If you think about it, you’ll know what it is: Don’t tell your parents.
It’s the command issued by the pedophiliac relative, the sociopathic primary teacher, and the sadistic middle school coach, and its purpose is to intimidate and isolate.
I don’t recall being warned as a child about what to do if I ever heard it. I don’t think I warned my own kids until it came to my attention that it was among the repertoire of intimidation used by an odious grown-up playground bully. I’ve been to workshops for adults on child safety and I’ve witnessed children being taught about good and bad touches and so on.
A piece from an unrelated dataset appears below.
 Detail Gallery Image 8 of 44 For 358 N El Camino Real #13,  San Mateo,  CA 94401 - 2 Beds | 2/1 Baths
But I don’t think that the use of this phrase, which may well be the most obvious behavior shared in common among perpetrators of all types of abuse — physical, emotional, or sexual — of children, has received the attention it deserves.
I have to wonder how often a superintendent tells her principals and a principal his teachers that if he ever hears an adult under his supervision say, “Don’t tell your parents” to an individual child or a classroom, he will ask for her resignation.
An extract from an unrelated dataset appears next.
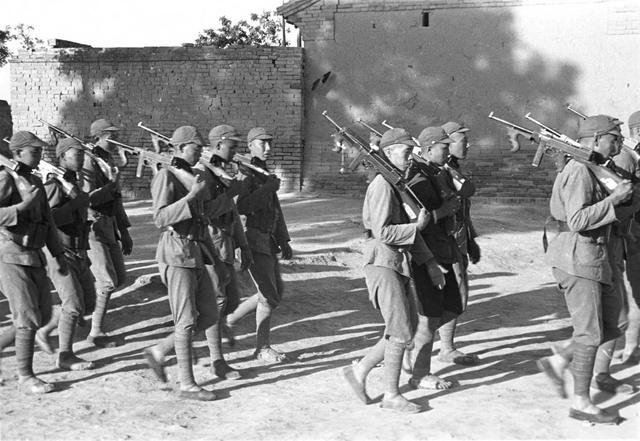 回顾石牌保卫战:二战史上惨烈的白刃战,中国的斯大林格勒保卫战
I wonder how many parents think that one of the first warnings their child needs to hear is if they ever hear an adult say, “Don’t tell your parents,” they should do exactly that, and that when an adult says “Don’t tell your parents” to a child, it means the adult is doing something he or she knows is wrong.
Saying, “Don’t tell your parents” – even if the occasion of the command itself is innocuous — is a nasty, brutish thing to do to a child. The commanding authority figure is trying to exclude the parents from some aspect of the child’s life. If the child obeys the command, he becomes a co-conspirator of sorts. If she doesn’t, she is being disobedient to the commander and must fear his or her vengeance, and you can be sure that those who use the phrase will retaliate: kids know this too. The commander has thus succeeded in isolating the child and forbidding her access to the people who she should expect to be able to rely on for help.
For the child to be able to summon the courage to tell her parents what the teacher says not to tell, she has to be able to trust that her parents can insure that she will not be punished. This is why it is essential that the phrase simply is not part of acceptable discourse any more than the N-word is.